Si acaso, el mayor mérito que veo en El director, para quienes no vivimos en esa realidad, sea que alguien que ha estado metido en el epicentro del establishment nos confirme que las cosas son tal y como las imaginamos desde fuera. Porque me temo que un ensayo de este estilo llega demasiado tarde. Probablemente hace quince o veinte años, y no digamos mucho antes, un libro así, cuando la sociedad era, si no más ingenua, sí mucho más permisiva con los desmanes del poder, habría resultado un auténtico acontecimiento informativo y editorial.
Seguramente, como en los buenos tiempos de El Mundo, unas memorias así habrían tumbado un Gobierno y hecho rodar unas cuantas cabezas que parecían intocables. Pero me temo que, a día de hoy, con una sociedad tan desencantada y apática donde ningún estamento del poder tiene credibilidad alguna entre la población, resuena como un petardo que hace algo de ruido pero no levanta a nadie de su asiento. Y eso, para el periodismo, es un drama.
También puede que sea una terrible muestra de nuestro evidente deterioro como sociedad, donde parece que la indignación ha dado paso a la indolencia. Quién sabe.
De lo que no cabe duda es que habrá que seguir buscando la verdad y contándola de la manera más honesta posible. Y en ese aspecto, parece que David Jiménez ha hecho un buen trabajo.
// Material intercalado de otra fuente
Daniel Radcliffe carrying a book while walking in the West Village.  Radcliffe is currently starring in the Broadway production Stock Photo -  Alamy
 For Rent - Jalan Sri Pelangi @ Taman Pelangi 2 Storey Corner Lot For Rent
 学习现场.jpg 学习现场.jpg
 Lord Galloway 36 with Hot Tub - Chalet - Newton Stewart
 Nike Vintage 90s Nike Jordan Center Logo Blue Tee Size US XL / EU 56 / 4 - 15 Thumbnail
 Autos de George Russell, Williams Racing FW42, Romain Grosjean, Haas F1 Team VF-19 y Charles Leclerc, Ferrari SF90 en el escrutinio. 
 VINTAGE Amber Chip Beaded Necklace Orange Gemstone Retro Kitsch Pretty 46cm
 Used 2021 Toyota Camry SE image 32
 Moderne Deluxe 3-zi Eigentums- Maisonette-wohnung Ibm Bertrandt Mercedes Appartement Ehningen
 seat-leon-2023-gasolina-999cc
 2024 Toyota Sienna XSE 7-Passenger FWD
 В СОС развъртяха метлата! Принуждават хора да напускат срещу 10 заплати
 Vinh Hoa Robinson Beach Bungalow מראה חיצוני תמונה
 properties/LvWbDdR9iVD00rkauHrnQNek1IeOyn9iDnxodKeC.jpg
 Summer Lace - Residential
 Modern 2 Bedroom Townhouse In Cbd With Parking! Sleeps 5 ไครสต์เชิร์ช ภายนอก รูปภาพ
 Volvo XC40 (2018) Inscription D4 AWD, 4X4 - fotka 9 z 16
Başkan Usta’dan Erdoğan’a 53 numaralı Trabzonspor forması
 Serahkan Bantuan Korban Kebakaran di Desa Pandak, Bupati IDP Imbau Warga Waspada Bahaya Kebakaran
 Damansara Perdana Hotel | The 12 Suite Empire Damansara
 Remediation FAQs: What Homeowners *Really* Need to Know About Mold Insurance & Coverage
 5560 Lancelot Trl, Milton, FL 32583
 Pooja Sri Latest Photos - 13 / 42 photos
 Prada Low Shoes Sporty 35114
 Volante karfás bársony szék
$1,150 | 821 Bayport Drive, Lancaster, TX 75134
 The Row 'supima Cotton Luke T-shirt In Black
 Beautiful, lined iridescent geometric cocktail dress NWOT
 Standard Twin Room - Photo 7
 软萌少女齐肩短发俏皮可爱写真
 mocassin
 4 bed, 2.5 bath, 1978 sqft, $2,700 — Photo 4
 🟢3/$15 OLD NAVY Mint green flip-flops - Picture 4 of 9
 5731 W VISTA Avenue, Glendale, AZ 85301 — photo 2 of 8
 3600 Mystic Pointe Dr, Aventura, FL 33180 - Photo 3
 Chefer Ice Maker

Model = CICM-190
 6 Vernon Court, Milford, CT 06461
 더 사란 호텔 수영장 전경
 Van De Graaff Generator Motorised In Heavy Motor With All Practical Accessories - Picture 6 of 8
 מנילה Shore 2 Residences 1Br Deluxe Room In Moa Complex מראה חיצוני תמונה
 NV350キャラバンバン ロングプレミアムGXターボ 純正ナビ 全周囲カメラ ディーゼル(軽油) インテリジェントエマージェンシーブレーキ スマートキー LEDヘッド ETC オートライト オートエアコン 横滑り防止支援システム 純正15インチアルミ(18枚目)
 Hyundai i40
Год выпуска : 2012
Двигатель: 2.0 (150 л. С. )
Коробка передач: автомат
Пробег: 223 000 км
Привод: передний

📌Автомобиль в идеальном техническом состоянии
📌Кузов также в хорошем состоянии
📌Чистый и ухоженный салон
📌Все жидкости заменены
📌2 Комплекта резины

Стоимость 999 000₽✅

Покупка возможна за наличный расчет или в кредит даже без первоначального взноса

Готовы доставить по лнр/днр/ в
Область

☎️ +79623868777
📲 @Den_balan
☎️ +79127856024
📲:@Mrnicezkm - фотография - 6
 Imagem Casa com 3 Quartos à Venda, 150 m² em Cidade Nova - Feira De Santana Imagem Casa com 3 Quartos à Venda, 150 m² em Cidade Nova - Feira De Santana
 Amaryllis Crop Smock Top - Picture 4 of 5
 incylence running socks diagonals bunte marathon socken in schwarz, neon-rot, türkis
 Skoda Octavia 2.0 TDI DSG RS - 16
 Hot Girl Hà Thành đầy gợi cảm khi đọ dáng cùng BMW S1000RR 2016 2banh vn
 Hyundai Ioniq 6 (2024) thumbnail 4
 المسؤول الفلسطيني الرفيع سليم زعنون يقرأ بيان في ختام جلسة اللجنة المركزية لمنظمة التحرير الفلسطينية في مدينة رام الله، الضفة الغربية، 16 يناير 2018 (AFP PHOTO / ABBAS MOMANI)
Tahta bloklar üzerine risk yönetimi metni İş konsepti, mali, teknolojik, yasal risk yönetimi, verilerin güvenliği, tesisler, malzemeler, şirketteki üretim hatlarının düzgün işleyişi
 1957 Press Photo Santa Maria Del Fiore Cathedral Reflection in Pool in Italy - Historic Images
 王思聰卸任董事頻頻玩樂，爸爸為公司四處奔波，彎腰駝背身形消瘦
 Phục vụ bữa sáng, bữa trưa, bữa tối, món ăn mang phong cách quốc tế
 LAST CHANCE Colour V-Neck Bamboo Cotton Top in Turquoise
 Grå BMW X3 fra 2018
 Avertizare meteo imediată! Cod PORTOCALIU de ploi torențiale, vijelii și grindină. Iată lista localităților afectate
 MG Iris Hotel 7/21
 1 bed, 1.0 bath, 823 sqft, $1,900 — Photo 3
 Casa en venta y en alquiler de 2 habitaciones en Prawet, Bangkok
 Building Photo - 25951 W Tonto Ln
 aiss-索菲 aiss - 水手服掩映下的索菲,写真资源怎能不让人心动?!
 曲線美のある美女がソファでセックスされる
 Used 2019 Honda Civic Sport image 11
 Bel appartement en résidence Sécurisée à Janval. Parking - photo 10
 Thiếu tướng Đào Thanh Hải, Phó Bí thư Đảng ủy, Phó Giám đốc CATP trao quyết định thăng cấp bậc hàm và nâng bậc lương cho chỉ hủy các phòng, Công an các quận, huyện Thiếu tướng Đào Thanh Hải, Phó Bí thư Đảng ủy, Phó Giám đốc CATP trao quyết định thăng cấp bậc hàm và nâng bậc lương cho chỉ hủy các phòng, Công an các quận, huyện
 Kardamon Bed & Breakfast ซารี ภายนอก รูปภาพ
Lamento discrepar con esta visión de rigor excesivo con un ensayo que , a mi juicio, ha logrado un enfoque valiente sobre los entresijos del periodismo. No es culpa de David Jiménez que su libro no haya producido un ruido devastador para la satisfacción de quienes esperaban un misil y no la correcta , emotiva, indignada e inteligente exposición de hechos, circunstancias y anécdotas que enmarcaron su paso por la atalaya de un mundo decadente ,pero aferrado a una supervivencia que raya en un ominoso incesto con el poder, cuando la ética más elemental obliga a mantener la más hidalga distancia, si es que se quiere ser leal con los lectores. El libro cumple a cabalidad con el desenmascaramiento de una fauna de titiriteros, oportunistas y palmeros que se adosan al poder, y que se venden como periodistas. Es un texto que posiblemente lleva muchas nueces y que hace poco ruido. Claro, parece que eso es algo imperdonable para los habitantes de un mundo que se ha acostumbrado a vivir entre el ruido trumpiano que predomina y ensordece. Así, ya no es posible sintonizar a la huidiza razón, que no se atreve con el tsunami tuitero que nos estalla sin piedad alguna como fuegos artificiales ante nuestra despavorida retina.